A very similar principle applies when using “of” and “of the” with a noun like “Le garçon.” The word “of” is “ de” and the word “boy” is “le garcon.” But “of the boy,” meaning “belonging to the boy” isn’t “de le garçon” as you might expect, but “du garçon.” “De le” always gets shortened to “du.” It’s really because “de” and “le” sound odd so close together.
In other words, when the sound of two vowels together clashes, such as “de le,” a kind of shortcut rule applies, making it “du” for the purpose of sounding more fluid. For feminine words, “de la” doesn’t change, unless the word begins with a vowel, when “de la” becomes “de l’.”
You will also note from the following examples that a literal translation has been included in brackets, because there is no equivalent in French for the use of the apostrophe as it is used in English. The children’s game, for example, is literally translated as the game of the children.
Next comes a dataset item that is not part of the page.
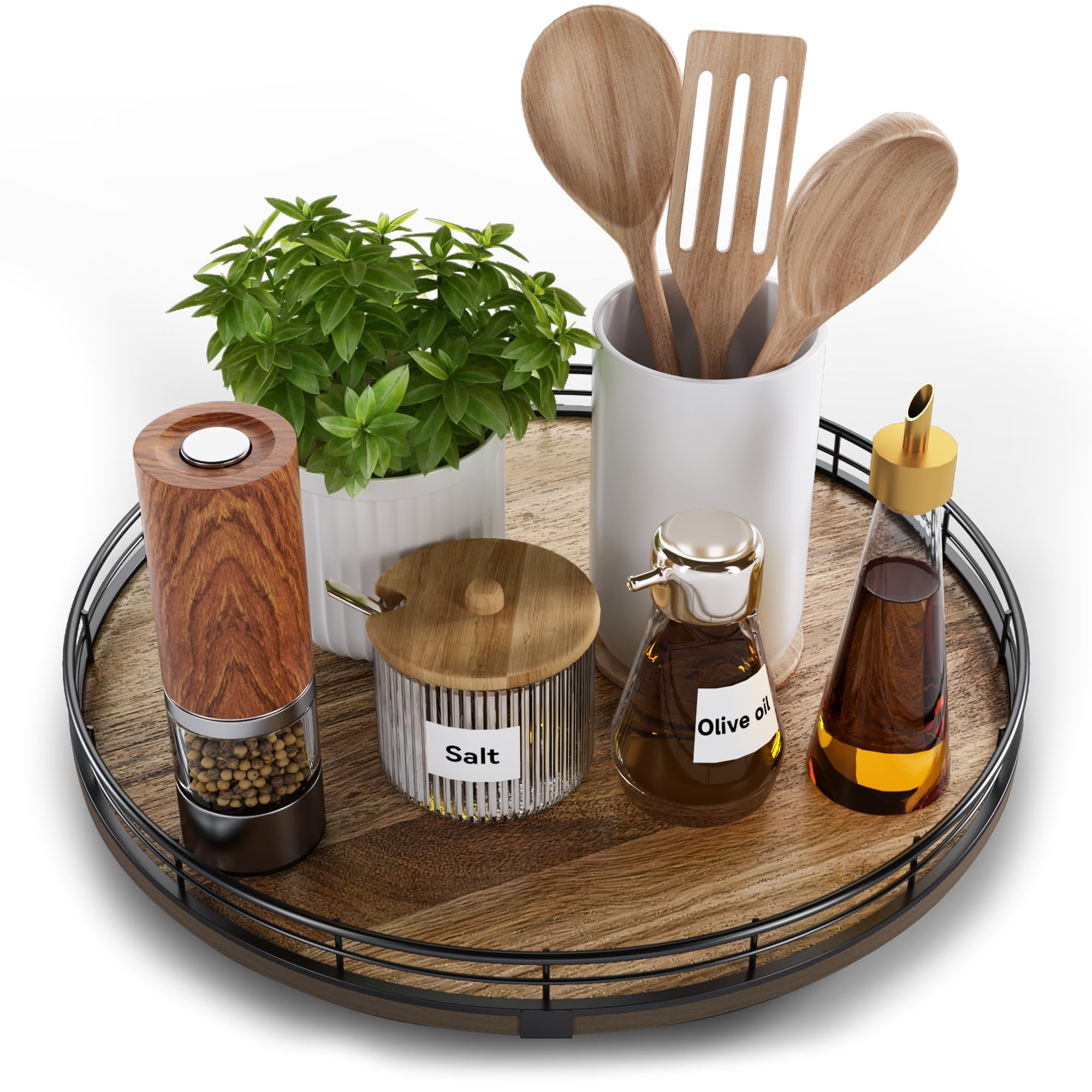 Acacia Wood 13" Lazy Susan Turntable Organizer for Table Top, Farmhouse Round Wooden Lazy Susan f... | Amazon (US)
This is where “de,” in its various forms as explained above, comes into action.
Le jeu des enfants.
The children’s game. (The game of the children)
Le jeu de l’enfant.
The child’s game. (The game of the child)
Le jeu de la fille.
The girl’s game. (The game of the girl)
Le jeu du garçon
The boy’s game. (The game of the boy)
Le jeu de l’invité
The guest’s game. (The game of the guest)
Le goût du fromage. (masculine)
The taste of the cheese.
La couleur du vin. (masculine)
The color of the wine.
La fraîcheur du pain. (masculine)
The freshness of the bread.
La qualité de la confiture. (feminine)
The quality of the jam.
La beauté de l’actrice. (feminine + vowel)
The beauty of the actress.
As well as being used to say “of” or “of the” in the plural, as we saw above, "du," "de la", "d’", "de l’" and "des" are also used to mean “some” and “several.” In effect, this is when the article “a” or “an” becomes a plural, to mean more than just one.
Du fromage (masculine)
Du vin (masculine)
Du pain (masculine)
De la confiture (feminine)
De l’argent (masculine + vowel)
De l’omelette (feminine + vowel)
That's more than enough technical stuff for one day. You've been a most excellent student for sticking through the tricky parts!